呼吸が深まっていくと、すべて解決する。とまでは言いませんが、呼吸を深めることは、何事にも切り離せないところです。特に、声は呼吸で出しているのです。
声楽家は共鳴のプロと思いますが、一流の声楽家は、紛れもなく呼吸のプロです。呼吸によって発声も共鳴も習得の土壌ができてくるといえます。
ここには、バレリーナやダンサーやパントマイムの人が、ときおりみえます。発声でなく呼吸の勉強にいらっしゃいます。呼吸には精神力もリラックスも、あらゆる問題の解決のヒントが隠されています。酸素が血の流れで全身にいきわたるのを待つように、です。
呼吸法や呼吸のトレーニングが、あまり役立たないように思われるのは、すぐに成果に結びつかないこと、それどころか、一時、バランスを崩すことがよくあるからです。
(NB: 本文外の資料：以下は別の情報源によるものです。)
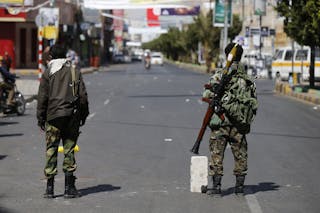 Houthi fighters operate a checkpoint on a street leading to the Presidential Palace during clashes in Sanaa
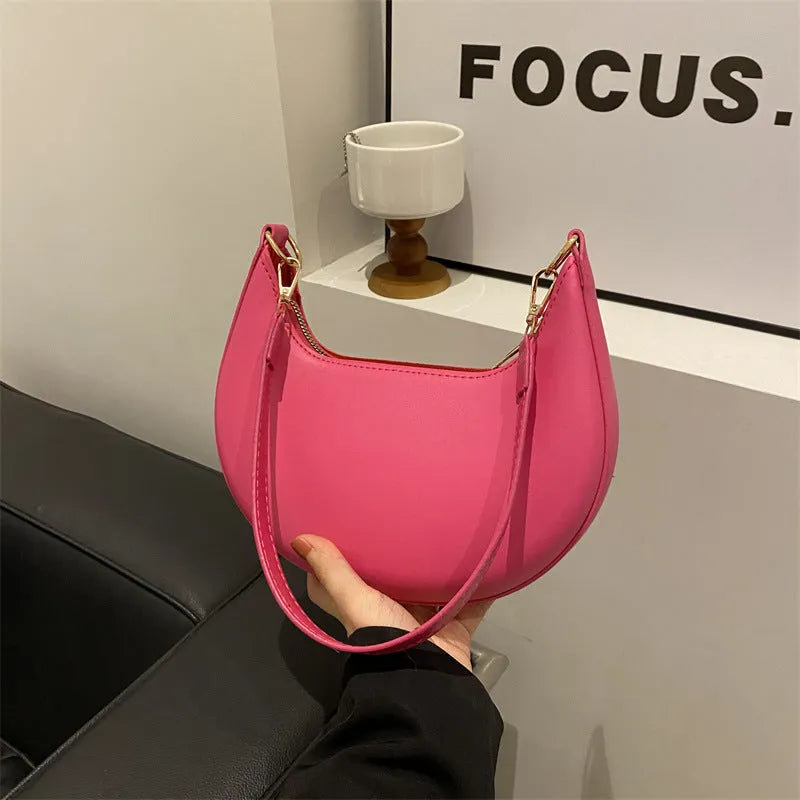Round green one-shoulder underarm bag with visible sewing lines and sandwich-style compartments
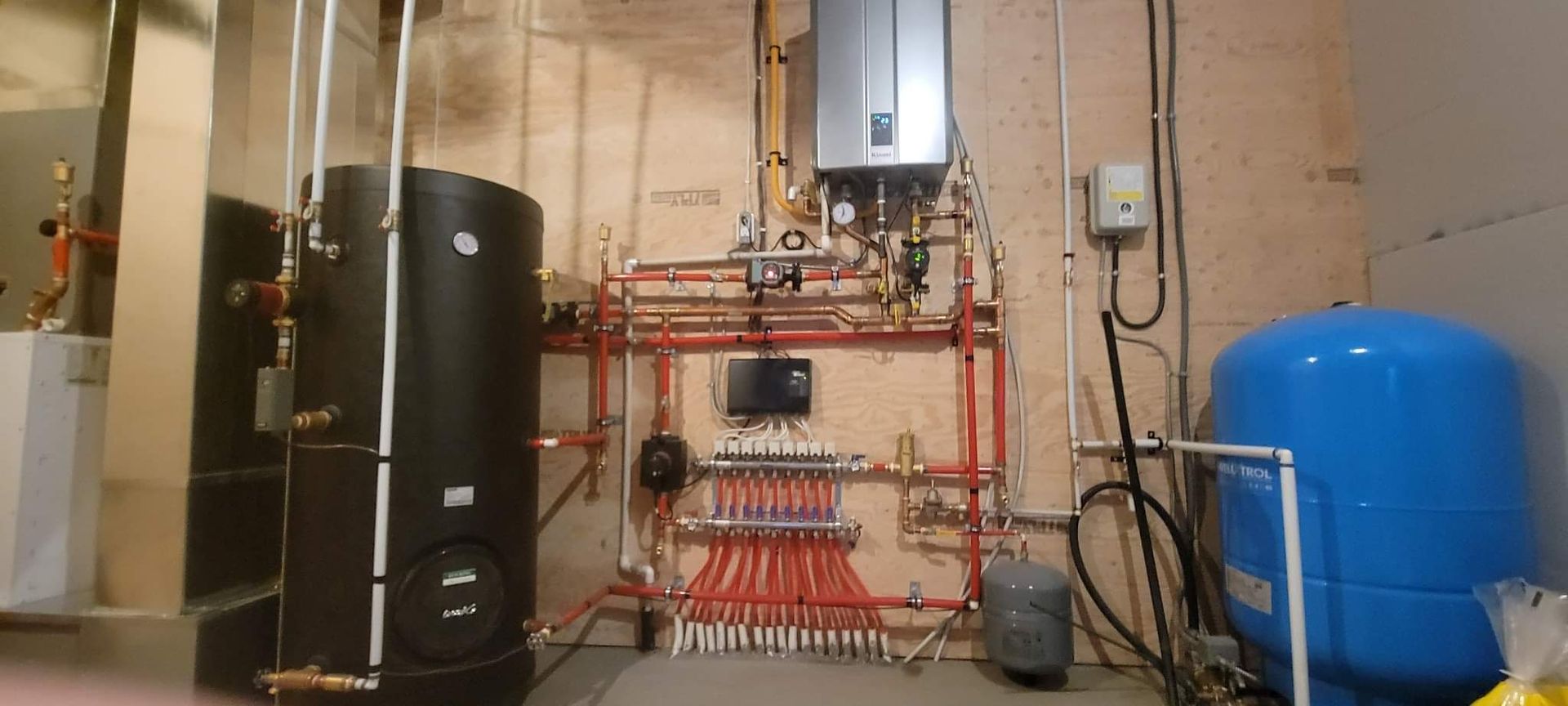 a room with a lot of pipes and a heater .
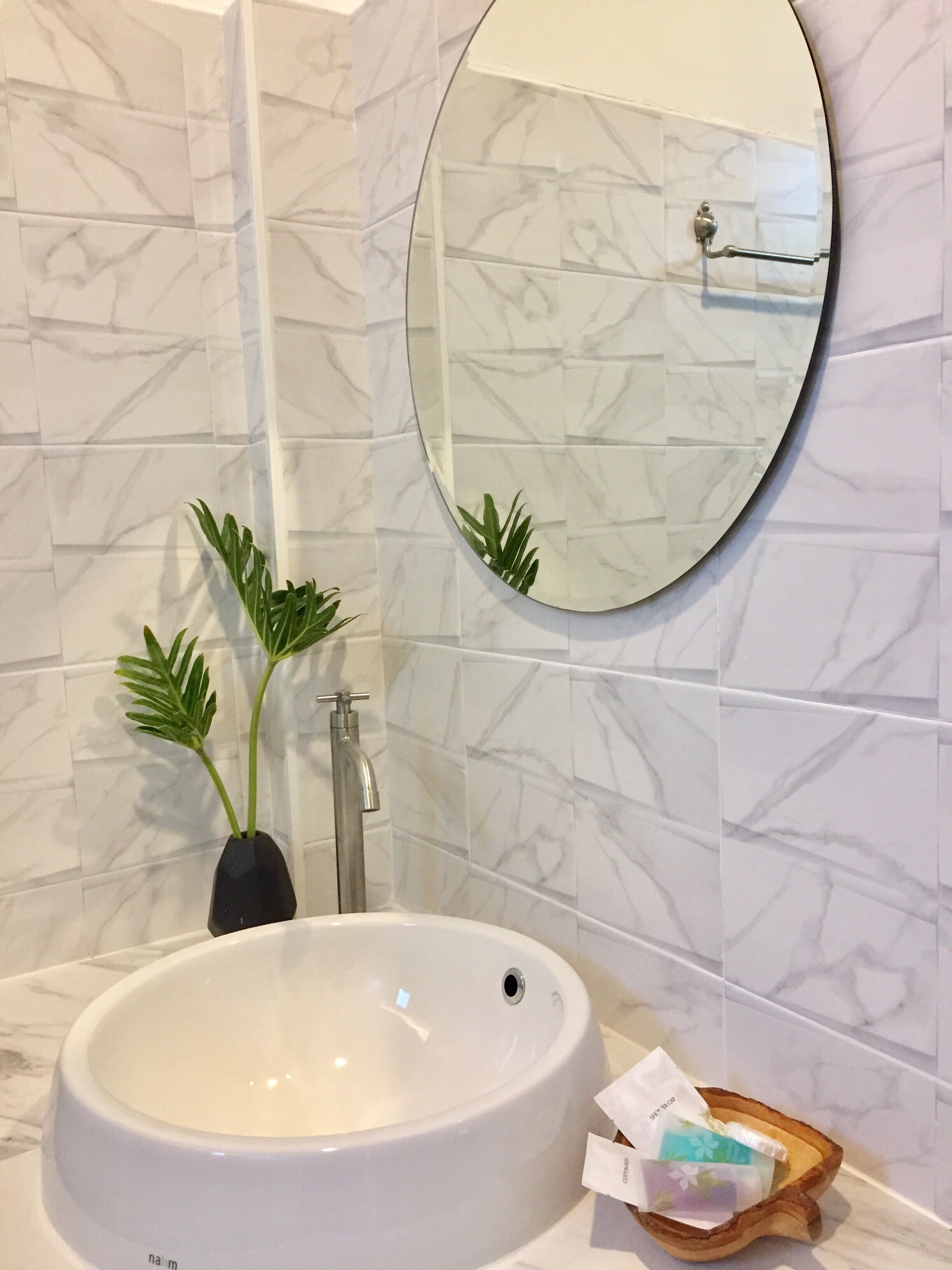 shower, free toiletries, slippers, towels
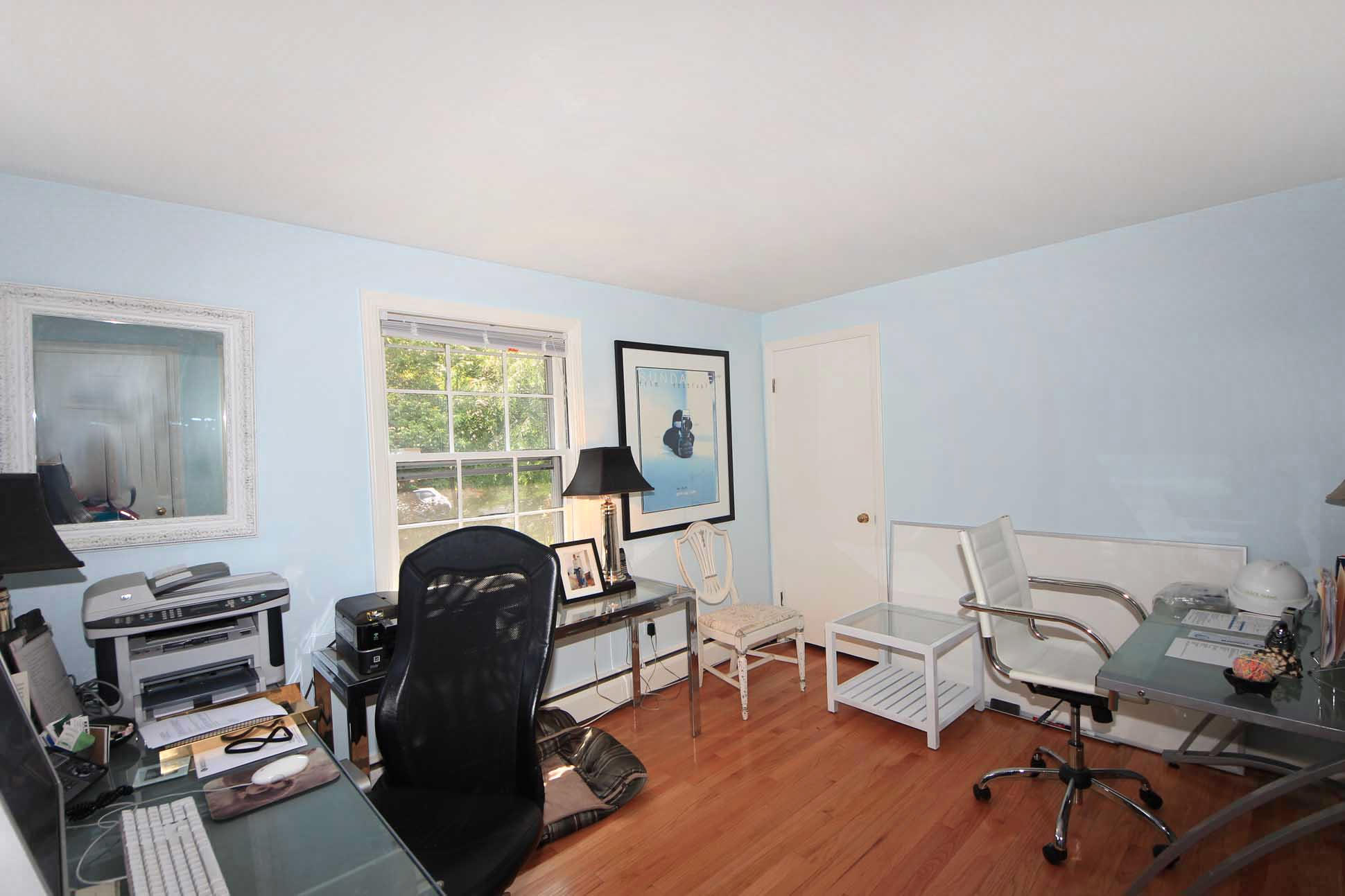 43 Rural Drive New Canaan, CT 06840 - Photo 13 of 26 a view of a workspace with furniture and a window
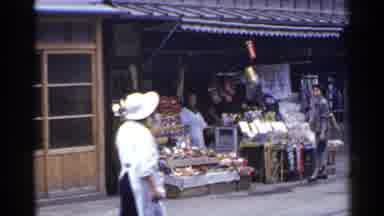 Japan (1953): Woman Wearing Gray Suit Walks Past Produce Stand On A Clear Day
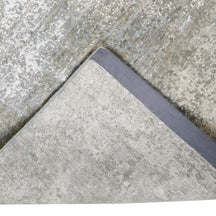 Hand-finished edge and subtle distressed detailing of the pearl mist abstract hand knotted rug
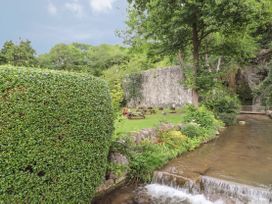 A garden with a river and picnic tables at Waterfall Cottage in Dyserth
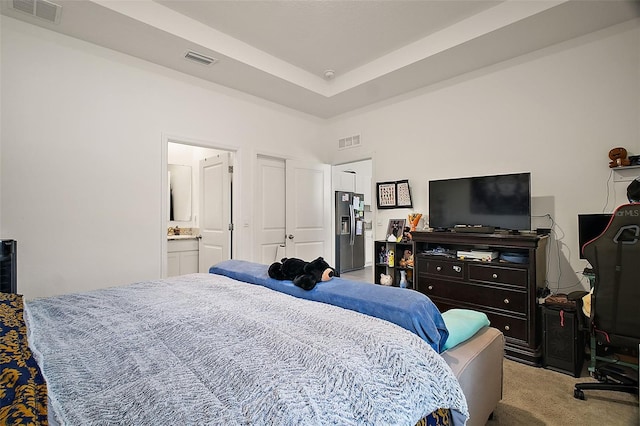 carpeted bedroom featuring visible vents, stainless steel refrigerator with ice dispenser, and a raised ceiling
いい加減な歌やせりふ、発声はできないようになるのです。だから、今のままがよいとか、少しよくなればよいくらいに思うのはよくありません。それならラジオ体操の呼吸くらいでやめても充分でしょう。根本的に変える必要性がないなら、呼吸法をやっても何にもなりません。そういう人が少なくないのです。